All of the data, word for word and free of pictures, is the expected result.
(Beginning of Raw data)
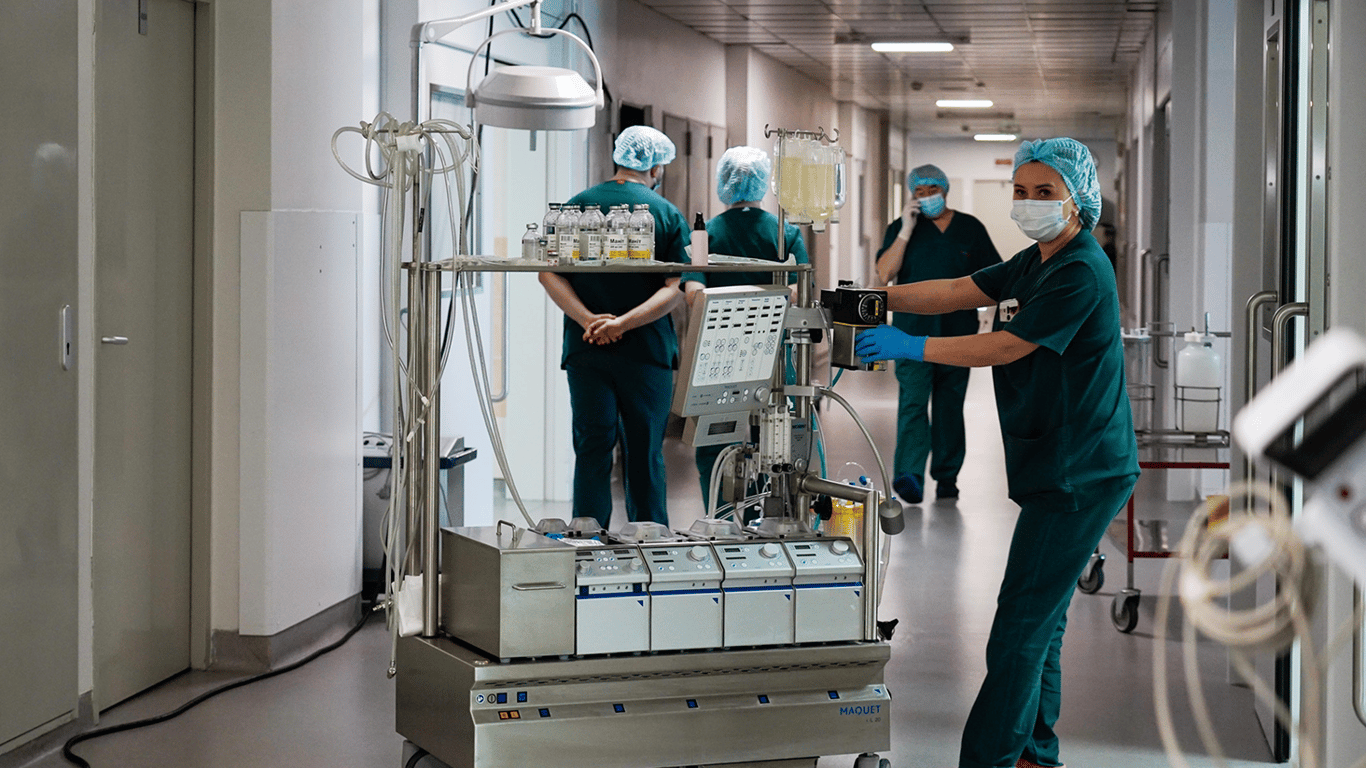 Новый субвариант COVID-19: в Украине зафиксировали "Цикаду"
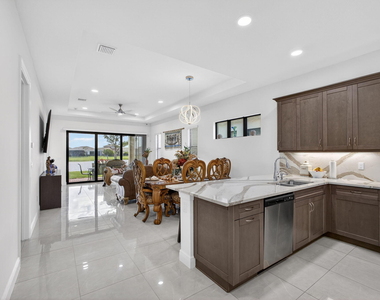 4805 Saint Armands Way - Photo Thumbnail 6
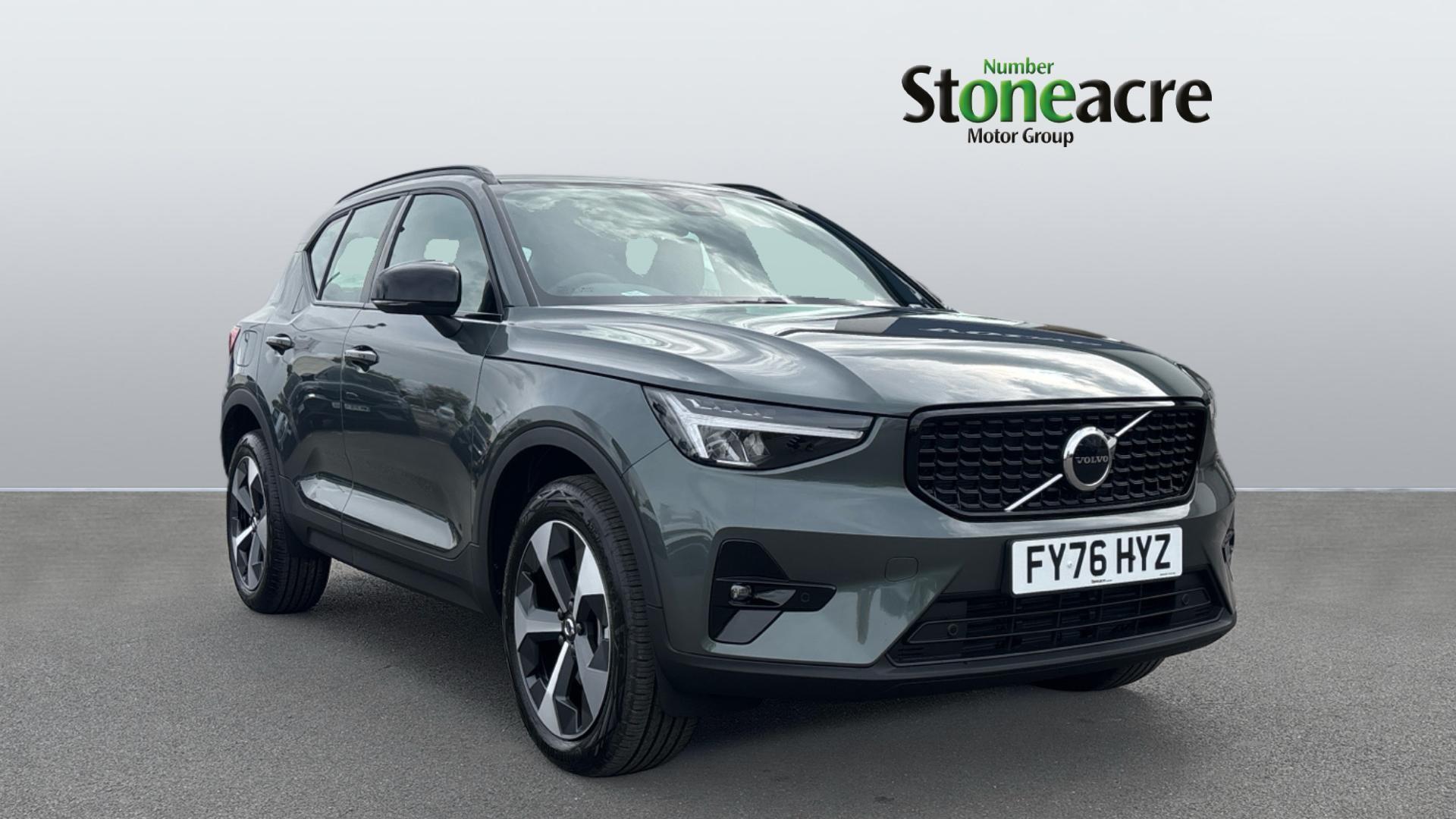 Main listing image - Volvo XC40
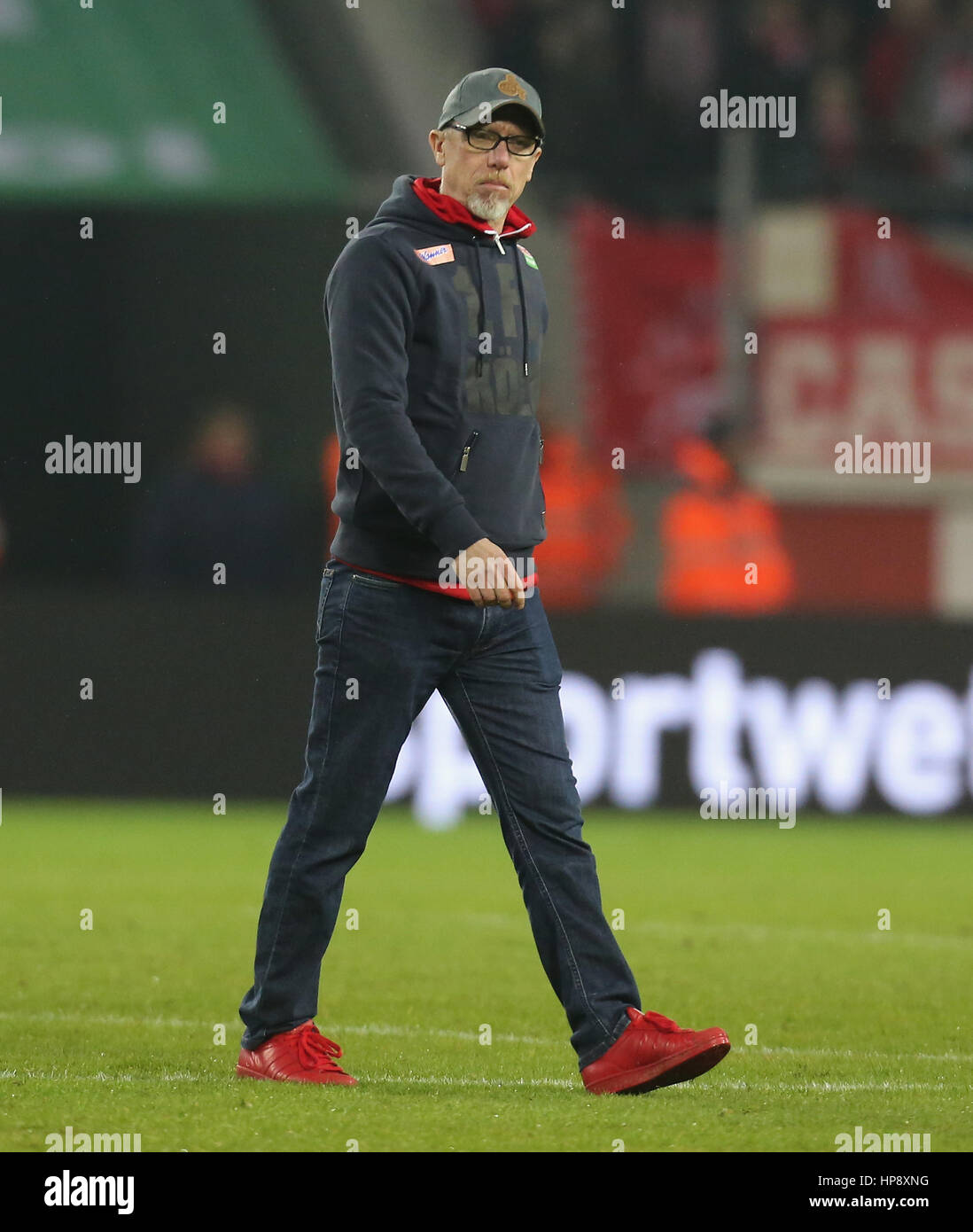 Cologne, Germany, February 19, 2017, Bundesliga matchday 21, 1. FC Koeln - FC Schalke 04:  Manager Peter Stoeger (Koeln) goes over the playing field.                        © Juergen Schwarz/Alamy Live News Stock Photo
(End of Raw data)
● Finished task
 Новый субвариант COVID-19: в Украине зафиксировали "Цикаду"
 4805 Saint Armands Way - Photo Thumbnail 6
 Main listing image - Volvo XC40
 Cologne, Germany, February 19, 2017, Bundesliga matchday 21, 1. FC Koeln - FC Schalke 04:  Manager Peter Stoeger (Koeln) goes over the playing field.                        © Juergen Schwarz/Alamy Live News Stock Photo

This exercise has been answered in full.